探偵の探偵(北川景子)それって探偵バスターズ・・・ですか?(川口春奈)
「若くて綺麗」ってだけで不快な気持ちになる一部お茶の間の方々がスルーしていく。
そのために・・・男性がうっとりする美少女がドラマから駆逐される日本のテレビ史・・・。

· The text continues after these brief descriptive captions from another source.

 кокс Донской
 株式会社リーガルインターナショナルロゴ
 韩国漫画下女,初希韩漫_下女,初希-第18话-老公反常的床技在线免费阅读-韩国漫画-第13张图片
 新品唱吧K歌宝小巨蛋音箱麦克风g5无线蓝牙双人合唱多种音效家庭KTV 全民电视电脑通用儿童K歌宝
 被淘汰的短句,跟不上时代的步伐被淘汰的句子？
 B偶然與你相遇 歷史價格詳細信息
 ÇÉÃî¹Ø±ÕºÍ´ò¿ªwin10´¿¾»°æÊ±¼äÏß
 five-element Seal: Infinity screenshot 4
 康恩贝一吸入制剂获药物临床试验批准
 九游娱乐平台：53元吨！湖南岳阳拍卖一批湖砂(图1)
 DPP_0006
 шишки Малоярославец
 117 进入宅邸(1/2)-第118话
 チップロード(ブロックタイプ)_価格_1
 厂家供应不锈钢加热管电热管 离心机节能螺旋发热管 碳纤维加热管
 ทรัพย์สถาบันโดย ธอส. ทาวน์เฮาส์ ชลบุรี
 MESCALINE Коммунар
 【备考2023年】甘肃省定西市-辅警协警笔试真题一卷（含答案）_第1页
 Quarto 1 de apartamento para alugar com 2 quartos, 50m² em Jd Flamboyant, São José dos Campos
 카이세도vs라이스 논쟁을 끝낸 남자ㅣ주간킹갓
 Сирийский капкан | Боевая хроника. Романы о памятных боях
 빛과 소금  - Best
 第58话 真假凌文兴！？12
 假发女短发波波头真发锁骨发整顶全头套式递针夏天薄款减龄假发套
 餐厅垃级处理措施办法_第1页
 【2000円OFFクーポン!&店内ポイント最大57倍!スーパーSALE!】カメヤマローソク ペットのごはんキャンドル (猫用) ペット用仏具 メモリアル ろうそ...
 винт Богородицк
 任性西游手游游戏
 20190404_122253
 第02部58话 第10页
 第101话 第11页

しかし、圧倒的な男性優位の作り手たちが断崖絶壁で頑張るのだった。
死守せよ・・・お茶の間の数少ない男性たちのために・・・。
怒りの五寸釘をぶちこむのだ。
そういう感じで二本の美しい楔が打ち込まれました。
うっとりにつぐうっとり・・・断固、支持します。
北川景子と川口春奈が乱舞する木曜日のお楽しみである。
で、『探偵の探偵・第1回』(フジテレビ20150709PM10~)原作・松岡圭祐、脚本・徳永友一、演出・石井祐介を見た。世界は情報によって構成されている。情報を得ることは世界を得るのと同じことである。しかし、情報は神秘のベールに包まれているものだ。個人情報の保護が叫ばれて久しい。昔は氏名がわかっていれば電話帳を探るだけで電話番号も住所も入手できたわけである。個人情報を探るために番号案内に電話をかけるのは探偵の常套手段だった。役所に行けばだれもが他人の住民票を入手できたのだ。いい時代だったなあ・・・。時は過ぎ去った。しかし・・・個人が存在する以上、個人情報が消滅するわけではない。個人を管理するための名簿も同様である。ある種の人々にとっては・・・個人情報の入手はより容易になったとも言える。そこには素晴らしいインターネットの世界が広がっているからである。
2009年「豊橋ストーカー殺人事件」発生。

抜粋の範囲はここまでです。